Hakan Şükür’s 11-second goal in the 2002 World Cup third-place playoff remains the fastest in World Cup history. It came after Türkiye were gifted possession deep inside South Korea's own half from kick-off, and it set the tone for a 3-2 win in which Türkiye scored three times in the opening 13 minutes. The record still looks extreme because the next-fastest entries are nowhere near it.

How Şükür set a mark that still stands

Václav Mašek’s 15-second goal had stood as the World Cup’s benchmark for four decades before Şükür beat it in 2002. That gap matters. Four seconds sounds small on paper, but in a match context it is a chasm, especially when the next names on the list keep climbing into the 20s and 30s.

Bryan Robson’s 28-second strike for England against France at the 1982 World Cup is still the kind of goal that would normally headline this conversation. It does not here. Clint Dempsey’s 30-second effort against Ghana in 2014 belongs in the same bracket, and even that is 19 seconds slower than Şükür’s touch of history.

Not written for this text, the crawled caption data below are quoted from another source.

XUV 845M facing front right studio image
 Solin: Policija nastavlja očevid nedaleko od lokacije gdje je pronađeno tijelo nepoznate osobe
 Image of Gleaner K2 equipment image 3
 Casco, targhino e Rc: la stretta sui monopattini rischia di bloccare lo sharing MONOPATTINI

Why the fastest goals often look scrappy

The list of quickest World Cup goals is full of weird moments rather than clean, rehearsed finishes. Türkiye's opener came from South Korea’s loose kick-off defending. Denmark’s only goal against Croatia in the 2018 last 16 was a scrappy finish after a long throw-in. Those details fit what Ewan Ross-Murray said in his SI.com piece: “Plenty of goals have come within the first minute of World Cup matches.”

Ross-Murray also captured why these moments matter so much at the tournament: “In the World Cup’s pressure cooker environment, making a swift start is crucial.” That is the right lens for Şükür’s record. The goal is not just fast, it arrived in a playoff, in a tournament where early control can settle a game before it has properly started.

The sub-minute group keeps growing, with Mathias Jørgensen’s 55-second goal rounding out the names in this brief, but Şükür still sits well clear at the top. If anything, the spread around him is the point. World Cup games can produce chaos almost immediately, yet 11 seconds remains a stubborn number at the top of the record book.